Health

Treat Hockey Lace Bite By Adjusting Your Skate’s Laces

Hockey Lace Bite

Have you ever had pain on the top of your foot or front of your ankle when ice skating? Has it lasted more than a few weeks? This type of pain is relatively common for hockey players. It’s often caused by aggravation to the tibialis anterior tendon and is known more commonly as a lace bite.

Many hockey players deal with the pain. They think it’s part of getting older or nothing can be done to fix the pain. I thought that way when I developed lace bite a few years ago.

But that’s not so! There are lots of tactics you can do to help alleviate or even eliminate the pain from lace bite. Some of these include lacing your hockey skates differently. Let’s explore a few different options…

First, you can tie your skates differently. Lacing your skates outside-in instead of instead-out helps reduce pressure from the tongue of the ice skate your tendon. Instead of threading the lace through the inside of each eyelet, start by threading the lace through the outside of each eyelet. It’s a simple, free, and quick change, so why not give it a shot?

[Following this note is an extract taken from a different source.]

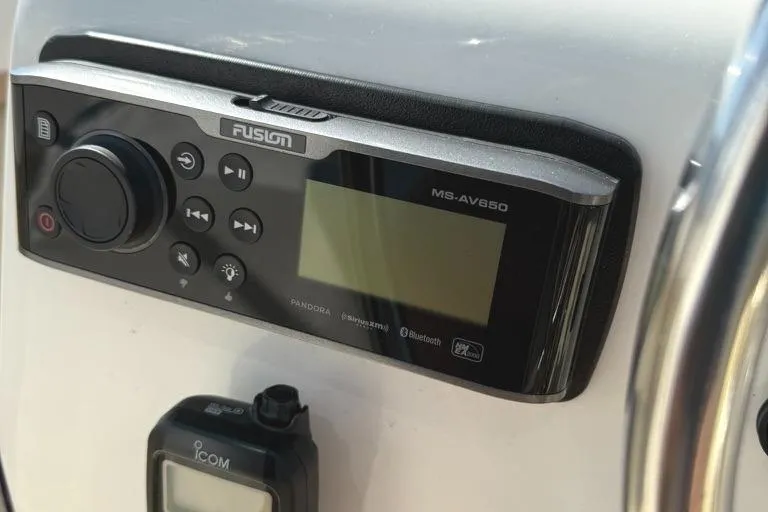 Slide: The Image of Fusion MS-AV650 marine stereo and Icom device on 1986 Dusky 26 Custom boat. - 12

You can also rotate where you tie the knot on your skate. For example, try tying the knot on the left part of the tongue. Then, try tying the knot on the right part of the skate tongue. The idea is to move the knot around to move pressure to different parts of your foot and ankle. The area behind the knot tends to be the point with the most pressure on your body. Most people with lace bites feel pain right in the middle of their ankle or foot so moving the knot to the sides tends to work best. Sometimes I’ll adjust the knot location between periods so it’s not in one spot for very long.

Skipping eyelets as you lace your skates is another option. To do so, don’t lace the eyelets nearby your pain from the lace bite. Note that this only works if your pain is below the top eyelet. Once you’ve laced your skates to the top while skipping eyelets near the pain, you’ll notice pressure on the area you skipped when you tighten your skates.

Last, use unwaxed laces, not waxed laces. Waxed laces can be pulled unnecessarily tight and create a ton of pressure on your tendon.

These are just a few ideas to help you reduce pain from lace bite while playing hockey.